Tuesday, January 20, 2009

Game balance

Hello thar! This post got a bit longer than anticipated. Anyway, just print it out and read it infront of the fireplace accompanied by a fine wine and a good piece of french cheese;). Ehm... onto the subject:

Swords and Soldiers is getting closer to completion every day, one thing most worth mentioning is the campaign mode, which is almost done and shaping up to become really nice.

An ongoing process during the entire development of the game has been balancing the three factions. S&S will be a fun action-packed game, but underneath all that we also try to add a layer of strategic depth. We started out macro-balancing the game, defining the role of each unit and skill until all elements felt like they had a fitting role in the game. This was an iterative process that repeated itself every time something got added to the game. One of the rules of thumb we used during that process was that every combat unit had to be unique, and we have maintained this during the course of development.

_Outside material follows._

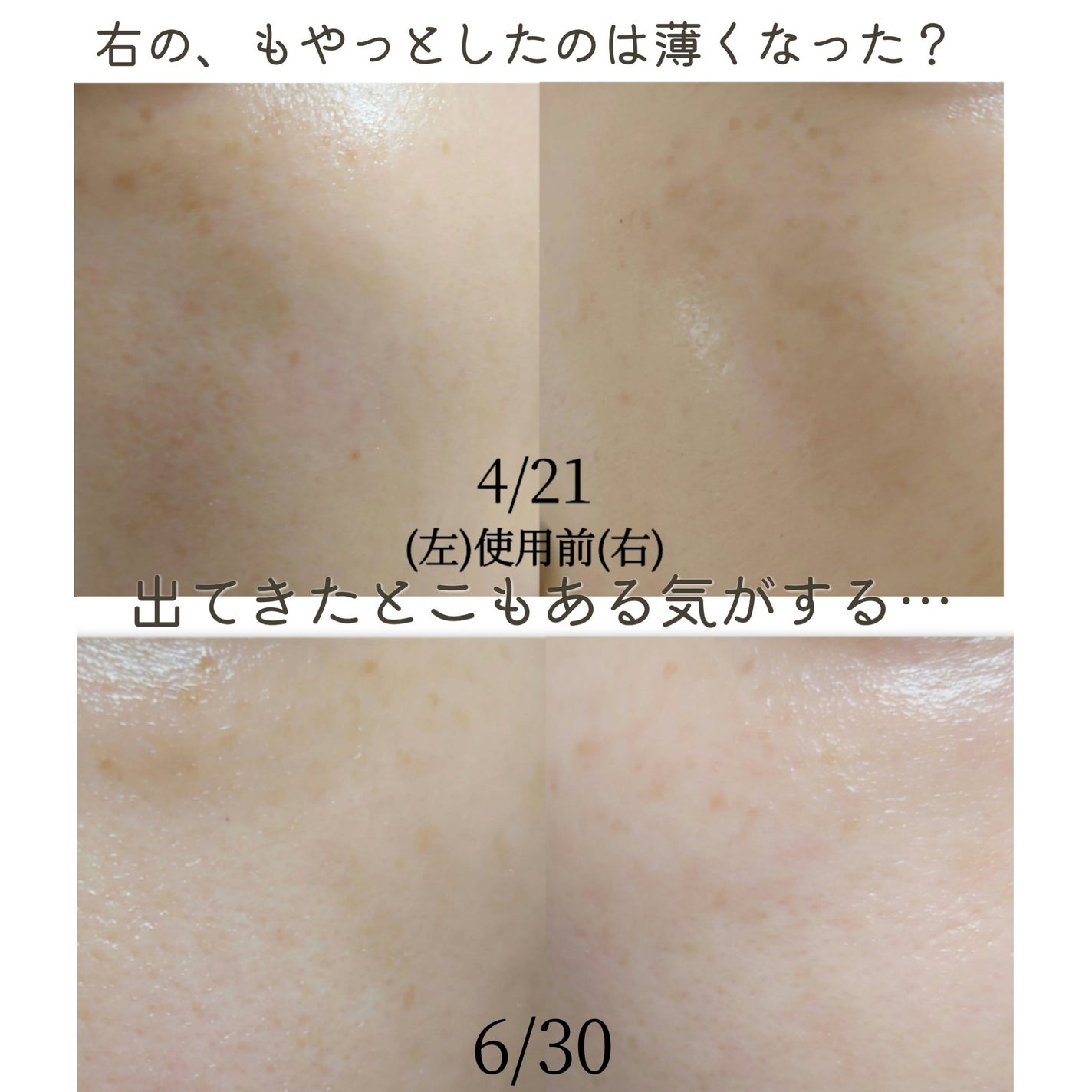 ハイドロクリームPHQ-5/KISO/フェイスクリームを使ったクチコミ(4枚目)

Right now we are micro-balancing the game, which means that we are trying to make sure that there's a lot of variety in tactics and there are no dominant strategies or never used units/spells. Each faction needs to have interesting tactics available to it that are cool to use. We try to have every unit and skill having some feeling of being overpowered, yet be balanced and counterable when actually playing the game.

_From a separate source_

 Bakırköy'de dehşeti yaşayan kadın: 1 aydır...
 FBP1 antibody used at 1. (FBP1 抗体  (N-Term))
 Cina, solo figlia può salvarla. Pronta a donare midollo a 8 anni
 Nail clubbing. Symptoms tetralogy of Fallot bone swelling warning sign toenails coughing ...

Balancing also means tweaking the flow of how games play out. For a while we had the problem that building workers, which collect the main resource: gold, was not a real choice. Every game people just built the maximum amount of 'em and they were always replaced instantly when they were killed. Consequently, players would always remain at their maximum gold-income and almost every game every upgrade got researched. The game was still fun to play but we felt that it needed more strategic diversity.

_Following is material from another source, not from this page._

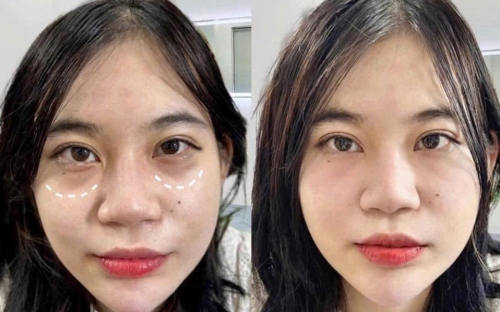 Meso Trị Thâm Mắt Hiệu Quả Không Cần Phẫu Thuật | Spa Đồng Xoài – Spa Như Ý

The solution to this problem was upping the cost required to produce a worker and upping the cost of all upgrades a bit. Suddenly players were forced to stop building workers if their opponents tried attack early in the game. It also became a viable tactic to invest in upgrades early on, while building fewer workers. The game got less predictable, and good strategic choices were more noticable. This is but one example of how tweaking a couple of values can influence the entire flow of the game.

The key in being a great S&S player lies in timing which skills and units to use when, choosing on which units to spend your gold, and using your spells to their maximum effect. We hope that people will want to get good at our game.and can't wait to get the game out there and have people duking it out against eachother in brutal multiplayer clashes!

3 comments:

matt said...

sounds interesting. when are you going to release the 3rd faction 'cause i really want to know

Thall said...

this sounds great, cant wait for the release, good work guys

Jan Hoos said...

Good to hear! Curious on how it will play out!